Katerina Giannouka leaves her post as CEO after a little over a year.

Josh Corder

Katerina Giannouka has left Jumeirah Group one year into her time as CEO, confirms an internal document seen by Skift. The document is attributed to Jumeirah’s owning company Dubai Holding group CEO Amit Kaushal and was circulated to leaders in the organization.

“I wanted to share an important update at Jumeirah Group. “Today, Katerina Giannouka sadly steps down as Chief Executive Officer, taking time to address some family matters before embarking on new opportunities outside of the Group,” reads the letter signed by Kaushal.

The letter also mentions that Giannouka will remain in Dubai “in the immediate future.”

Commenting on her departure, Giannouka, said: “It has been an honor to work with Jumeirah Group and Dubai Holding, and to have put in place the foundations for accelerated growth through 2030 and beyond. I extend my best wishes to Jumeirah and the entire team’s continued success.”

With Giannouka departing, Thomas B. Meier is again the most senior member of the company, having been chief operating officer since 2021. The letter mentions that Meier will serve as interim CEO, just as he did when previous CEO Jose Silva left, until a replacement is found.

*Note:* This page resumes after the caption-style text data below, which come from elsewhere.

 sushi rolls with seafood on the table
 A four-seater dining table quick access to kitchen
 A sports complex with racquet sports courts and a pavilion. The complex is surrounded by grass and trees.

The group is expected to release a statement on Tuesday morning.

Katerina Giannouka’s Career

Giannouka officially joined Jumeirah in December 2022, taking on the state-owned company rights after Silva’s surprise exit from the company.

Giannouka joined the luxe operator from Radisson, where she was Asia Pacific president from 2017. Before that, she was a development vice president for Rosewood across Asia Pacific and China.

At the time of her hiring, she was Jumeirah’s first female CEO and one of the few female executives in the industry.

During her brief tenure, she set out to double the group’s portfolio, notably focusing more on signing hotels outside of the United Arab Emirates. Her predecessors had similar goals, but she set out to double the group’s footprint by 2030 and turn it into a global brand.